May 21, 2014 at 5:59 pm
Contributed by: Chris

Back in early April, I had the pleasure of attending the Bloomberg New Energy Finance “Future of Energy Summit 2014” conference in New York City, where I heard from a large number of decidedly upbeat executives in the sector, who were very optimistic indeed about the future of renewable energy and cleantech in general. The buzz in the finance and insurance space was particularly interesting.

Here’s my report for SmartPlanet: Cleantech investments are sexy again, here’s why

By Chris Nelder

May 19, 2014

On paper, renewable energy, energy efficiency and green technologies attracted less new money over the past two years. But returns for mainstream investors look more compelling than ever.

Cleantech is sexy again, as evidenced by dozens of presentations by entrepreneurs, industry executives, analysts and financiers at the recent Bloomberg New Energy Finance (BNEF) “Future of Energy Summit 2014” conference in New York (video interviews from the summit are available here).
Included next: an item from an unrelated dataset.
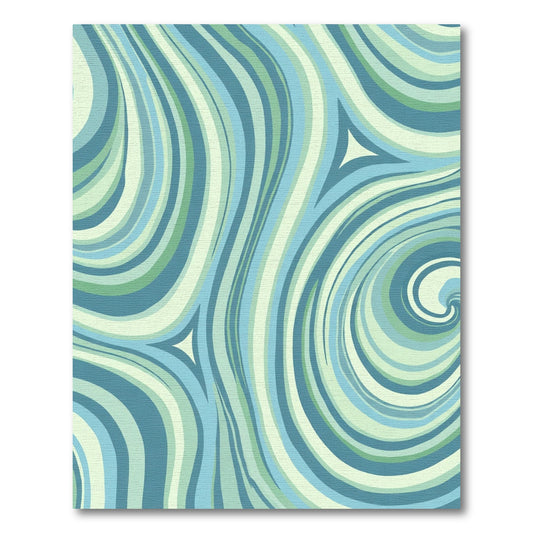Cool Aquamarine Swirl Abstract Rug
BNEF founder Michael Liebreich put the sector in fresh perspective, explaining that while there have been two years in a row of reduced investment (particularly in Europe), the Wilderhill New Energy Global Innovation Index (NEX) has outperformed major market indices considerably over the same timeframe. (The index comprises “companies worldwide whose innovative technologies and services focus on generation and use of cleaner energy, conservation, efficiency, and advancing renewable energy.” Its performance is illustrated below.)


“It doesn’t look like a cleantech crash to me,” Liebreich said.

According to BNEF analysis, 80 percent of the reduced global investment in the sector was attributable to rapidly declining prices for renewable energy assets; only 20 percent was actually because of reduced investment activity. The researchers expect clean energy installations to grow 37 percent from 2013 to 2015, with 102.9 gigawatts (GW) of new builds anticipated in 2014, and 112.4 GW in 2015. Conventional (fossil fuel and nuclear) electrical generation capacity additions will fall by two-thirds from 106 GW in 2010 (which was overwhelmingly dominated by coal) to 39 GW (overwhelmingly dominated by natural gas) in 2030, while clean energy capacity additions triple, from 93 GW in 2010 (mainly wind and hydro) to 290 GW (primarily solar and wind). The anticipated additions are detailed in the chart below.


The global energy system, Liebreich said, has entered a “phase change” (previously, he called it a “tipping point“) as the transition to renewables proceeds. Germany’s feed-in tariff for solar power is now below residential retail prices. China is investing $60 billion a year in clean energy (more than all of Europe), and over the next 15 years, the Asian nation will dismantle more coal power capacity than it adds. The cost of lithium-ion battery packs for electric vehicles (EVs) has fallen 43 percent since 2010. By 2020, BNEF believes EVs will be cost-competitive with conventional vehicles for most users. “The future,” Liebreich said, “will not look like the past.”

Jim Rogers, the former CEO of Duke Energy, reflected on the massive disruption in the utility sector, saying, “If I were 25 today, I’d be an attacker.” Utilities are resistant to anything that threatens their core business, he said, and their reflexive reaction is to protect both it and the existing regulatory model their business is built around. “Most incumbent utilities find it an unnatural act to cannibalize their existing business,” Rogers explained, adding that defending that business is no longer practical.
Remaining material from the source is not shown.